Treasury Secretary Henry Paulson voiced support for a strong dollar on Tuesday and said America “must welcome competition, not run away from it” if the country wants to maintain a competitive advantage.
Delivering his first major speech since he was sworn in three weeks ago as the nation’s 74th Treasury secretary, Paulson said he would work to tackle long-term problems such as the need to overhaul the government’s three huge benefit programs — Social Security, Medicare and Medicaid.
Mindful that the country must borrow $2 billion daily from foreigners to finance its huge trade deficits, Paulson, like his predecessors, expressed unwavering support for keeping the dollar’s value strong against other currencies.
“I believe that a strong dollar is in our nation’s interest and that currency values should be determined in open and competitive markets in response to underlying fundamentals,” Paulson said in a speech to students at Columbia University’s School of Business in New York. Copies of his remarks were distributed in Washington.
Paulson voiced concern about protectionist tendencies. And his comments on the dollar stuck closely to the views expressed by John Snow, his immediate predecessor, and also other Treasury secretaries beginning with Robert Rubin in the mid-1990s.

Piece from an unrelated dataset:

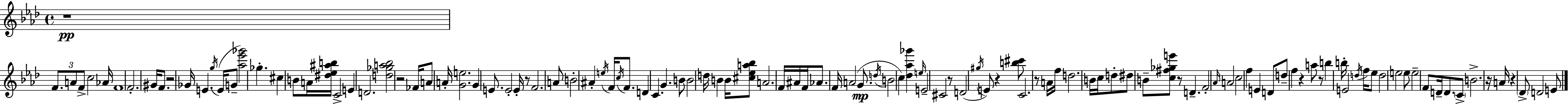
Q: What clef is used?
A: treble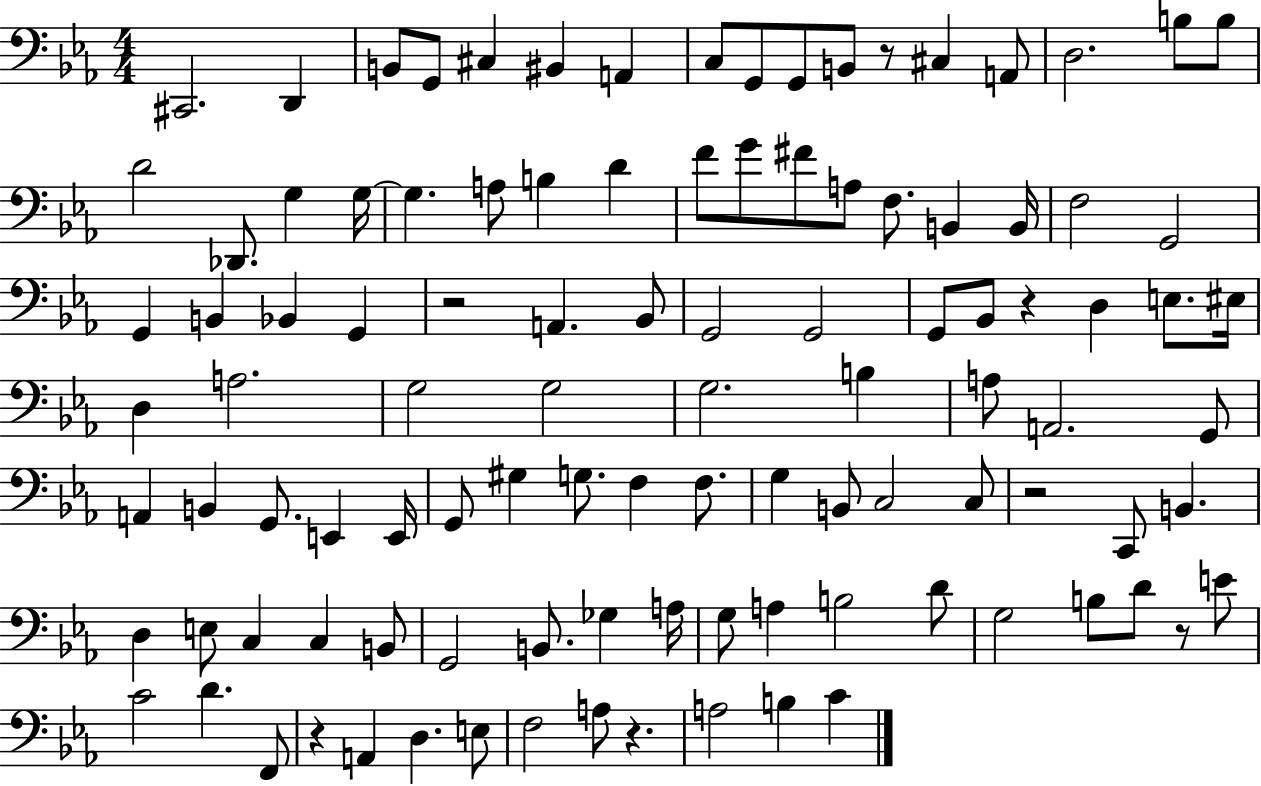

Both the Clinton and Bush administrations have been careful to avoid any comments that could be viewed as efforts to devalue the dollar for fear that currency markets could push the dollar’s value down so sharply that it could destabilize the U.S. economy.
While America’s current account trade deficit hit an all-time high of $804.9 billion last year, Paulson said it would be wrong for the United States to erect protectionist barriers to keep out foreign products.
Paulson said he was “very concerned about the anti-trade rhetoric I hear coming from some quarters here and around the world.”
Echoing comments made by President Bush on Monday, Paulson said the administration would keep searching for ways to revive the Doha Round of global trade liberalization talks, which collapsed a week ago.
Paulson was selected by Bush earlier this year to succeed Snow in a shake-up aimed at finding a more effective spokesman for the administration’s stalled second-term economic agenda.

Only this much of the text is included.